● **TASK DIRECTIONS**:
Skip the images and print the listing exactly.

(Beginning of DATA)

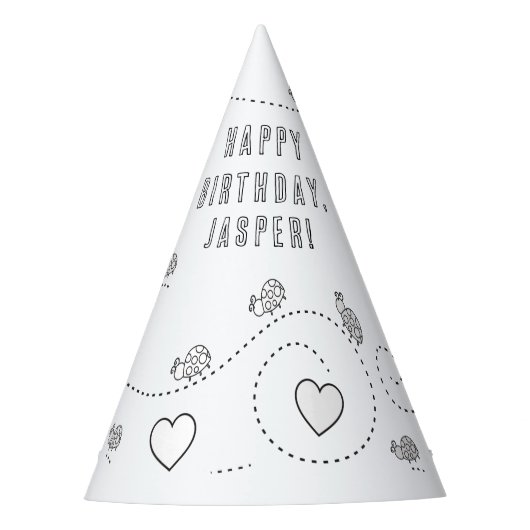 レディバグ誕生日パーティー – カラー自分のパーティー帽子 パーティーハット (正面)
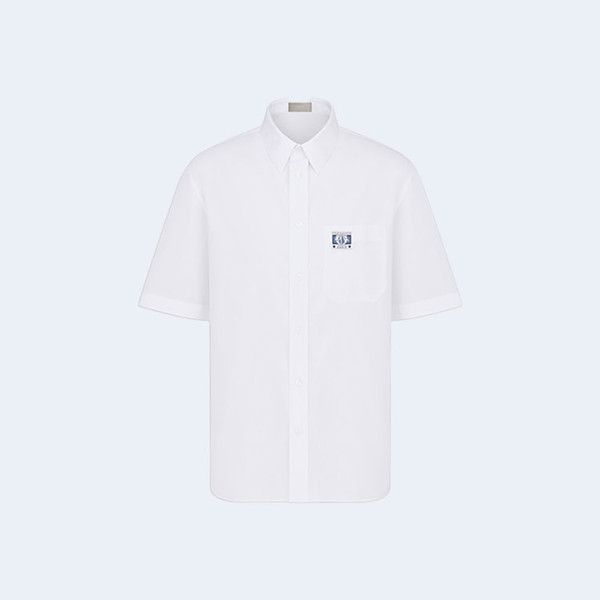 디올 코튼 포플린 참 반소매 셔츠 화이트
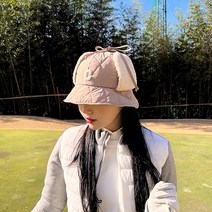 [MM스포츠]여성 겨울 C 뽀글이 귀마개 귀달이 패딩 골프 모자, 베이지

(End of DATA)

● **SOLUTION TO THIS EXERCISE**:
 レディバグ誕生日パーティー – カラー自分のパーティー帽子 パーティーハット (正面)
 디올 코튼 포플린 참 반소매 셔츠 화이트
 [MM스포츠]여성 겨울 C 뽀글이 귀마개 귀달이 패딩 골프 모자, 베이지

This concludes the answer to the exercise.